Other non-current assets of GBP0.1m (2020: GBP1.2m) relates to a
managed investment fund measured at fair value of GBP0.1m (2020:
GBP0.1m) and deferred tax assets of GBPnil (2020: GBP1.1m). In the
current year the deferred tax asset has been offset against
deferred tax liabilities (see note 24 to the FY21 financial
statements for further details).
Current assets of GBP101.4m (2020: 83.6m) comprises inventories
of GBP19.5m (2020: GBP18.7m), trade and other receivables of
GBP48.1m (2020: GBP43.4m), current income tax receivable of GBP0.1m
(2020: GBP0.4m current liability), and cash and cash equivalents of
GBP33.7m (2020: GBP21.5m). The net increase of GBP17.8m mainly
relates to increased cash and cash equivalents and increased trade
receivables in line with the growth in overall revenues.
Current liabilities of GBP98.5m (2020: GBP102.0m) comprise trade
and other payables of GBP86.0m (2020: GBP87.7m), provisions of
GBP3.9m (2020: GBP5.0m), lease liabilities of GBP8.6m (2020:
GBP8.8m), income tax liabilities of GBPnil (2020: GBP0.4m) and
borrowings of GBPnil (2020: GBP0.1m). The net reduction of GBP3.5m
mainly relates to the net movement following the repayment of
GBP15.0m deferred VAT under the COVID-19 VAT Deferral scheme
partially offset by an increase in bonus accruals due to the strong
performance of the Group (included within other payables) and
additional legal fees accrued.
Non-current liabilities of GBP194.9m (2020: GBP195.7m) includes
borrowings of GBP83.9m (2020: GBP83.5m), lease liabilities of
GBP90.2m (2020: GBP89.8m), derivative financial instruments of
GBP0.4m (2020: GBP0.9m) and deferred tax liabilities of GBP20.4m
(2020: GBP21.5m). See below for further details regarding the
Group's borrowings.
Equity of GBP191.1m (2020: GBP166.6m) increased by GBP24.5m as a
result of total comprehensive income of GBP19.0m (2020: GBP5.5m),
new shares issued and shares disposed from the Employee Benefit
Trust ("EBT") of GBP1.5m (2020: GBP1.0m) to settle obligations
under the Group's Save As You Earn ("SAYE") scheme, and
transactions in relation to share-based payments and associated
deferred income tax of GBP4.0m (2020: GBP1.0m). There was no
dividend payment in 2021 (2020: GBP3.9m).
Cash flow and movement in net debt
Net debt decreased by GBP11.9m to GBP50.2m from GBP62.1m. The
movement in net debt is explained as follows:
2021 2020
GBPm GBPm
---------------------------------------------- ------- -------
Cash generated from operations 80.3 94.8
Capital expenditure - maintenance (8.2) (8.7)
Repayment of right-of-use liability (13.0) (14.2)

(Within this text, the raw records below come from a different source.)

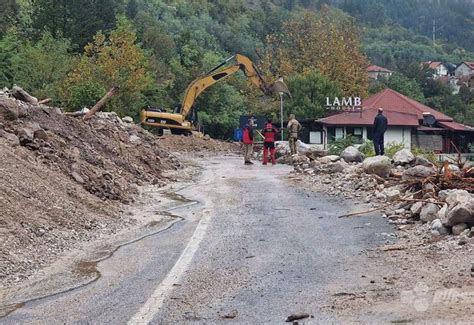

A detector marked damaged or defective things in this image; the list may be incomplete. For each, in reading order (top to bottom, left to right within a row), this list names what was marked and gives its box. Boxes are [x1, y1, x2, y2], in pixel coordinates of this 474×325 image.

damaged road [1, 156, 402, 322]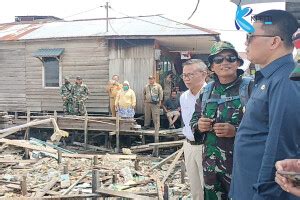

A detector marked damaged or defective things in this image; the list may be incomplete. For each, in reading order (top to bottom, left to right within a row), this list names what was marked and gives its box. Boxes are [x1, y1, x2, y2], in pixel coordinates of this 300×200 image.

broken wood plank [149, 148, 182, 171]
broken wood plank [163, 147, 184, 183]
broken wood plank [34, 178, 58, 197]
broken wood plank [61, 170, 89, 195]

Taxation paid (13.0) (9.5)
Interest paid (7.1) (7.0)
---------------------------------------------- ------- -------
Free cash flow 39.0 55.4
Capital expenditure - development (8.4) (3.7)
Business combinations (net of cash acquired) (19.4) (7.2)
Loans and borrowings acquired through
business combinations (1.0) -
Dividends paid - (3.9)
Sale of property, plant and equipment 0.6 -
Exceptional items - (0.7)
Proceeds from Ordinary shares 1.2 0.1
Proceeds from sale of Treasury shares 0.3 0.9
Amortisation of debt issuance costs (0.4) (1.0)
---------------------------------------------- ------- -------
Decrease in net debt 11.9 39.9
---------------------------------------------- ------- -------
Cash generated from operating activities decreased by 15.3% to
GBP80.3m from GBP94.8m, despite the increase in adjusted EBITDA.
The decrease primarily relates to GBP15.0m of VAT payments which
were deferred under the COVID-19 VAT Deferral scheme and GBP2.0m of
taxes in the Netherlands deferred from the prior year, paid in the
current year. Cash generated from operations also includes an
additional GBP7.7m of payments for costs relating to business
combinations, which mostly relate to acquisitions in prior
periods.
The analysis of capital expenditure between maintenance and
development in the table above reflects a broad split between
expenditure which we believe will primarily maintain profit, and
that which we expect to increase profit. This split can only ever
be approximate. Development capital expenditure includes new sites,
relocations, significant extensions and significant new equipment.
All other capital expenditure is included as maintenance.
Repayment of right-of-use liabilities of GBP13.0m (2020:
GBP14.2m) consists of liabilities in respect of property leases for
our veterinary practices, specialist referral centres and support
offices and leases for vehicles and equipment.
No corporation tax relief is received on the majority of the
amortisation and transaction costs which are deducted in arriving
at the unadjusted profit before income tax figure. Therefore,
taxation paid moves broadly in line with the adjusted profit before
income tax of the Group. The increase in tax paid in the year is
primarily as a result of the increase in profit generated by the
Group.
The interest payment of GBP7.1m was consistent with the prior
year of GBP7.0m, reflecting the Group's maintenance of low levels
of net debt during the financial year.
Cash available for discretionary expenditure ("free cash flow")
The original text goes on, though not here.